The first report about the reversible resistance switching (RS) effect in binary metal oxides was published about fifty years ago. With the decrease of the gate oxide thickness, the traditional flash memory is facing challenges in large storage, low power consumption, fast speed, long retention, best endurance, and three-dimensional integration due to its larger leakage current.^[1] Therefore, the technique based on the reversible memory RS effect has attracted wide attention all over the world, which is one of the most possible candidates applied in the next generation nonvolatile memory because of its above features.^[2] However, there is another RS effect called threshold RS, which has not been observed widely in materials.

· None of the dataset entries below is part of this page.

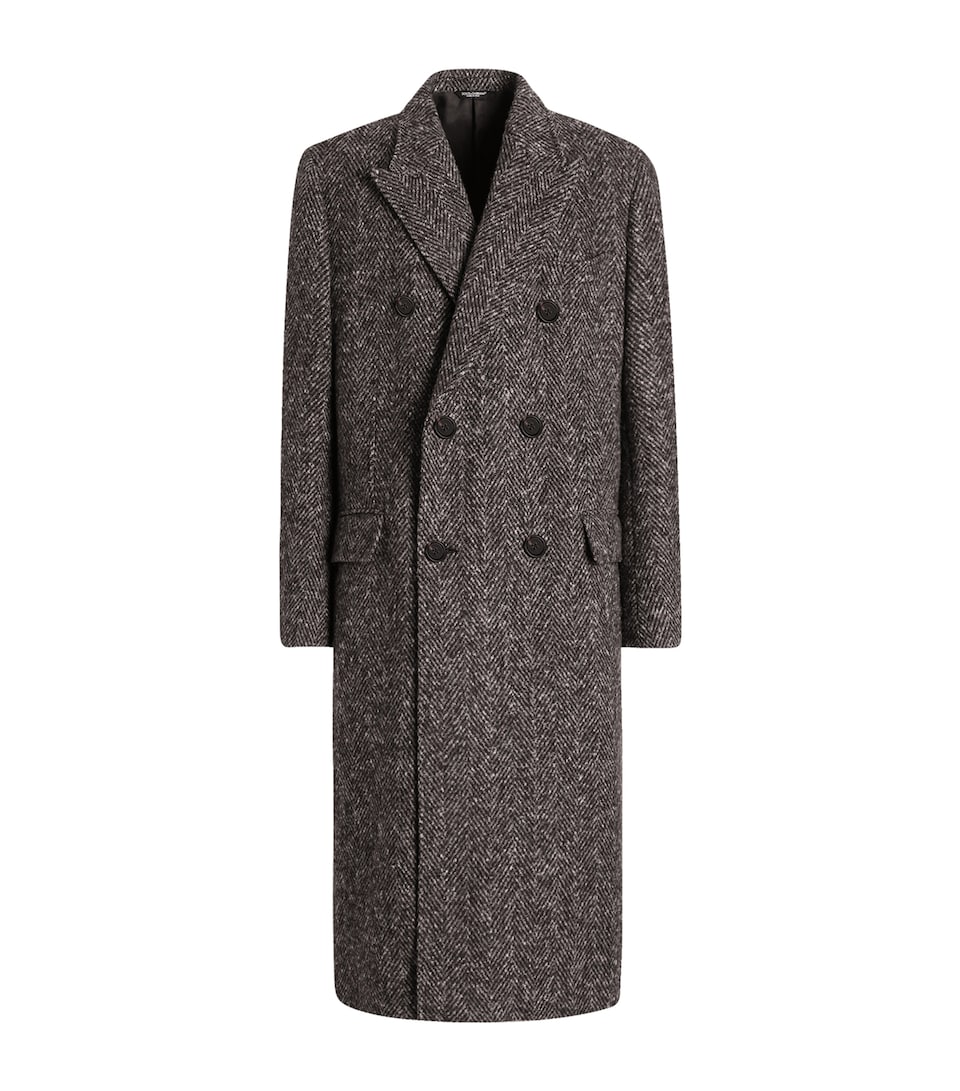 Wool Herringbone Coat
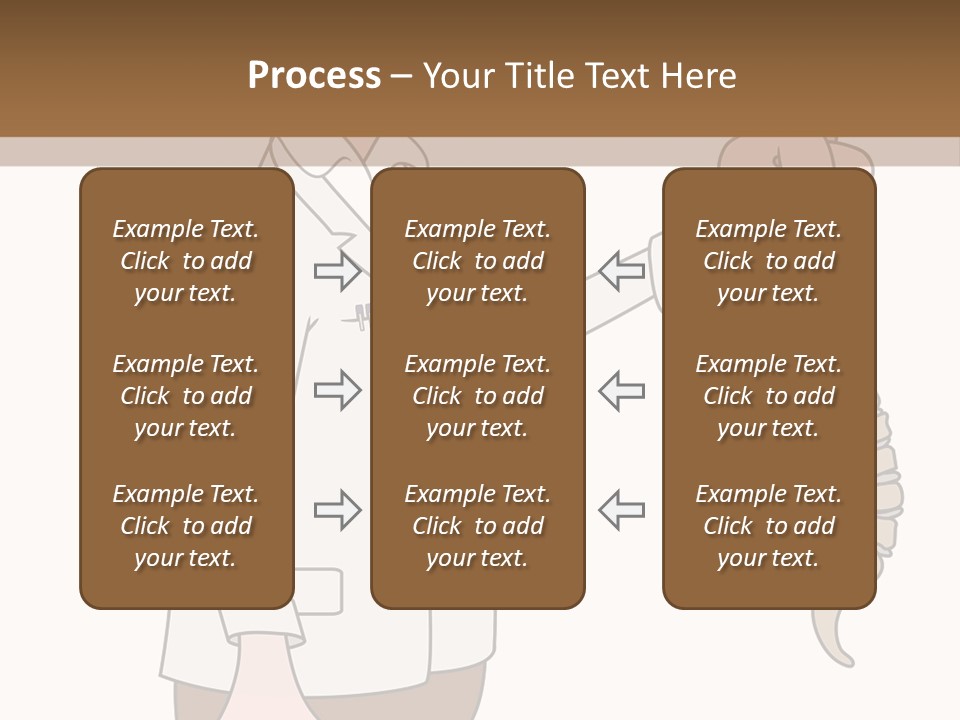 Treat Chiropractic Illustration PowerPoint Template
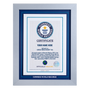 Record Participant Certificate The Largest Project in Minecraft 
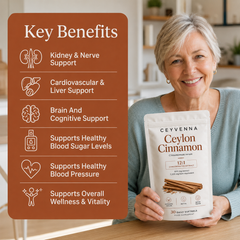 Ceylon Cinnamon 7200mg Equivalent with MCT Oil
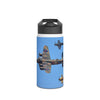 Battle of Britain Flight Stainless Steel Water Bottle, Jet Design, Gift for Pilot, Travel Hydration, Airforce Lover, Outdoor Adventures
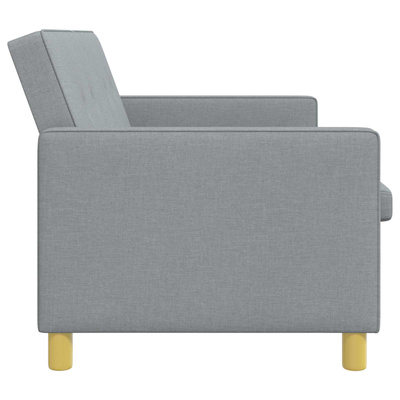 Rozkładana sofa jasnoszary 154 x 94,5 x 80,5 cm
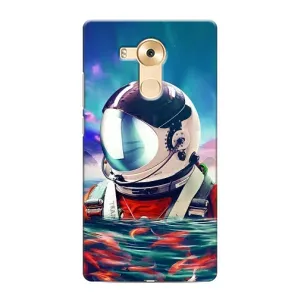 Силіконовый Чохол з принтом "Космонавти" на Huawei Mate 8, NXT (Космонавт у воді)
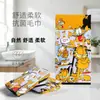 Toalla de baño de gato Garfield toalla de dibujos animados toalla de natación secado rápido absorbente toalla deportiva fitness toalla de playa impresa de microfibra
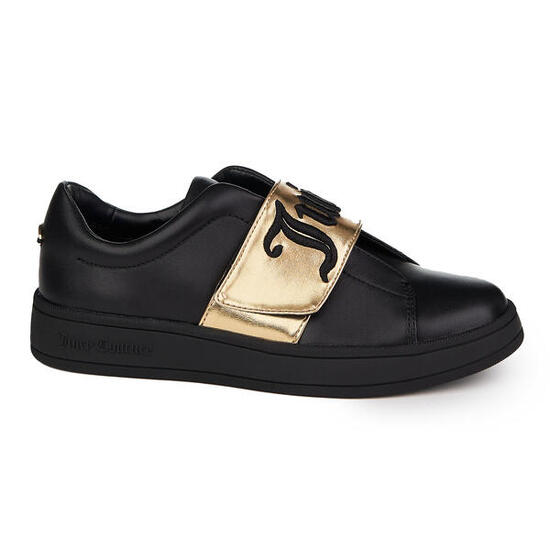 Juicy Couture Cynthia Low Top Damen Sneaker – Echtleder, Schwarz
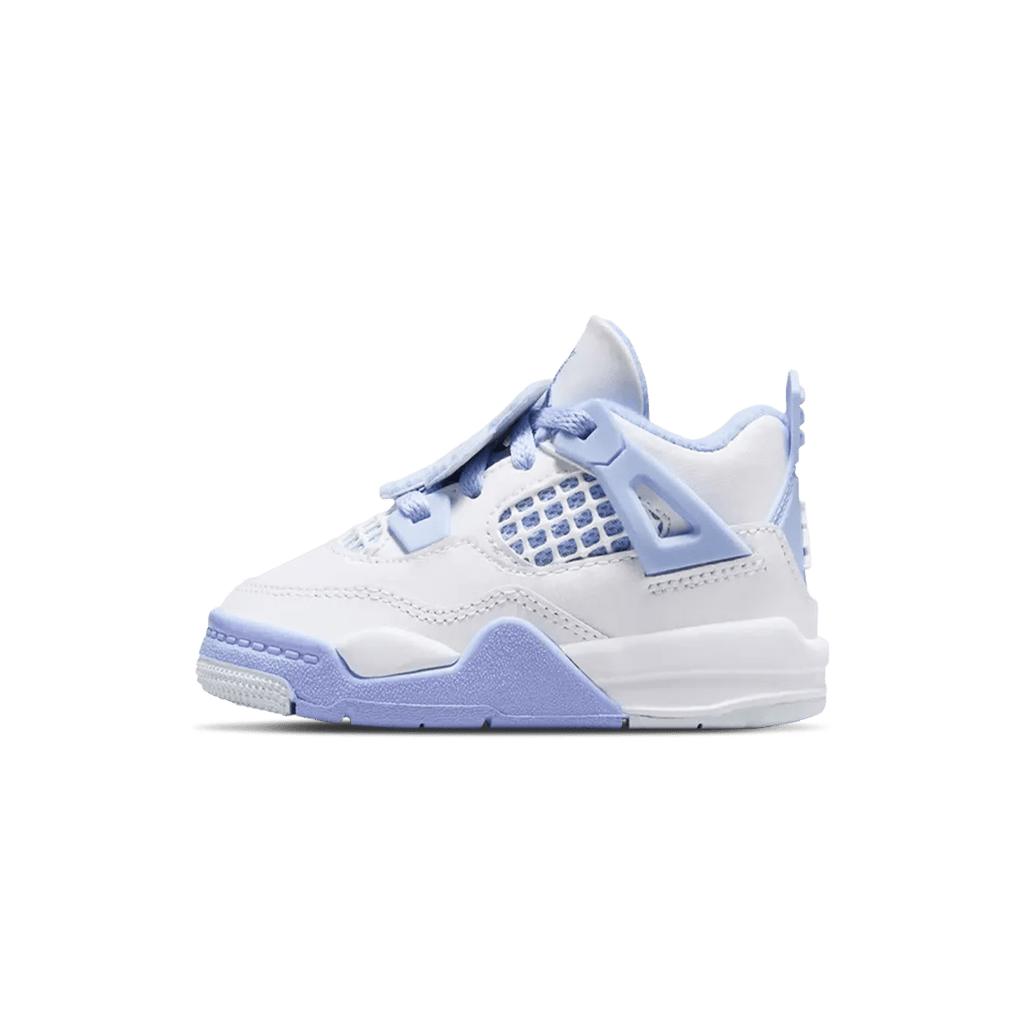 Air Jordan 4 Retro TD 'Forget Me Not' — UK 0C | EU 15 | US 0C — Front View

The difference between the two kinds of RS effects is whether they have two stable resistance states without external applied bias.^[3–7] Furthermore, investigating the RS mechanism of different RS methods is significant to clarify the RS behaviors.

Several materials, such as NiO,^[3,4,8] amorphous Ta₂O₅ film,^[9] SiO₂,^[10] and amorphous NbO_x film,^[11] have been reported to show the coexistence of bi-stable memory RS and mono-stable threshold RS in one device by changing some fabricating or testing conditions. Silicon-rich oxide (SRO) films, also known as semi-insulating polysilicon films doped with oxygen atoms, have been reported in the using of passivating material for silicon electronic devices and integral part of nonvolatile.^[12–18] Some researchers have found that SRO films are composed mostly of amorphous Si and SiO_x in a two-phase network, which means that there exist a number of Si–O–Si bonds and some Si–Si bonds.^[19] If a bias is applied to the film, the formation and modification of silicon nanocrystal in the SiO_x matrix will take place through breaking Si–O bonds and gathering Si atoms to form Si clusters.^[17] At the same time, a lot of Si atoms cannot bond with other atoms and, as a result, the films contain a high concentration of silicon dangling bonds (Si-DBs).^[15] Therefore, RS based on the SRO films is mostly ascribed to the formation and rupture of nonmetallic conduction filaments consisted of Si nanocrystals or Si-DBs.^[15–17] On the other hand, if SRO is firstly annealed at high temperature, the atoms will permute and combine again. The silicon clusters or particles will form, and the degree of silicon crystallization is depend on the annealing temperature and time.^[20–22] The leakage current will be smaller due to the lower concentration of defects, which is beneficial for improving the resistance and the on/off ratio for the application in RRAM. Therefore, SRO films are employed to form metal/insulation/Si structures to study their RS effects. Moreover, the threshold resistance switching effect was firstly found in the SRO films in the electrical measurement. And the threshold voltage and current are smaller than those of the other reported materials.^[3,10–12]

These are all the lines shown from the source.